## EXERCISE AIM
Go through the data below and return each line where the string "have" occurs.

## SUPPLIED ENTRIES
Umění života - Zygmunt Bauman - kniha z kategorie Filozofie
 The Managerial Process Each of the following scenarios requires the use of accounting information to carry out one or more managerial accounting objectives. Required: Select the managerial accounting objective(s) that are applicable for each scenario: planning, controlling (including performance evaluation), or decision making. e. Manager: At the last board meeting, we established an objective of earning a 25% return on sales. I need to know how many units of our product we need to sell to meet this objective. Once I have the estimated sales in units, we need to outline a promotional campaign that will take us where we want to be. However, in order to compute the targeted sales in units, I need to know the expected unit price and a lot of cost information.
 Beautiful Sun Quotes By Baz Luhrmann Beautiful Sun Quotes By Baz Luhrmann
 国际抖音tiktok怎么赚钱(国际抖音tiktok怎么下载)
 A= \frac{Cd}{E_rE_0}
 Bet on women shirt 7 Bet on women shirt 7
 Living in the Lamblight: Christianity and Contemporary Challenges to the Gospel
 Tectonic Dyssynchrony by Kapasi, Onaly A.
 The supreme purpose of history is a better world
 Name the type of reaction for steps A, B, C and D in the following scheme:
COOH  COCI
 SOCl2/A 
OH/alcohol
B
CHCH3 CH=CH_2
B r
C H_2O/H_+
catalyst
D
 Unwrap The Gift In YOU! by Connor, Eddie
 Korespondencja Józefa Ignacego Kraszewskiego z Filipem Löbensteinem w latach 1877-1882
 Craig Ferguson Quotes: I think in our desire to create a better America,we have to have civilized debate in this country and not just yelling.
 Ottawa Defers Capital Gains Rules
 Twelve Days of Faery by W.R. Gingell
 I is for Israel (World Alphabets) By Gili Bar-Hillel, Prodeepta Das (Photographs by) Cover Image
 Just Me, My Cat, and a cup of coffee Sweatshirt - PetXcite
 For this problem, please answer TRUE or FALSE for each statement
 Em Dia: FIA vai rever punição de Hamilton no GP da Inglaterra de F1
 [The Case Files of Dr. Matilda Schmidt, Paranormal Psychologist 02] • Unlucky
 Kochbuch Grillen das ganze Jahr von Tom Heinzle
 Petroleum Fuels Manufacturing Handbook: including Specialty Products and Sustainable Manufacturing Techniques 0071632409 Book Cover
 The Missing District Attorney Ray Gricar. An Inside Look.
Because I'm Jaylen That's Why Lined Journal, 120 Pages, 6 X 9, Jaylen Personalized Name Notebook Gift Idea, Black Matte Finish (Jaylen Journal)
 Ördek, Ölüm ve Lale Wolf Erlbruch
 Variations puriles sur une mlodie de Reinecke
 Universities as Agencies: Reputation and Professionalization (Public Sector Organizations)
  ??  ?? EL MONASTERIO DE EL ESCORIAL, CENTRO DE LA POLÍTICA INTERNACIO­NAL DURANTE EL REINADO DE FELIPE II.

## YOUR SOLUTION
 The Managerial Process Each of the following scenarios requires the use of accounting information to carry out one or more managerial accounting objectives. Required: Select the managerial accounting objective(s) that are applicable for each scenario: planning, controlling (including performance evaluation), or decision making. e. Manager: At the last board meeting, we established an objective of earning a 25% return on sales. I need to know how many units of our product we need to sell to meet this objective. Once I have the estimated sales in units, we need to outline a promotional campaign that will take us where we want to be. However, in order to compute the targeted sales in units, I need to know the expected unit price and a lot of cost information.
 Craig Ferguson Quotes: I think in our desire to create a better America,we have to have civilized debate in this country and not just yelling.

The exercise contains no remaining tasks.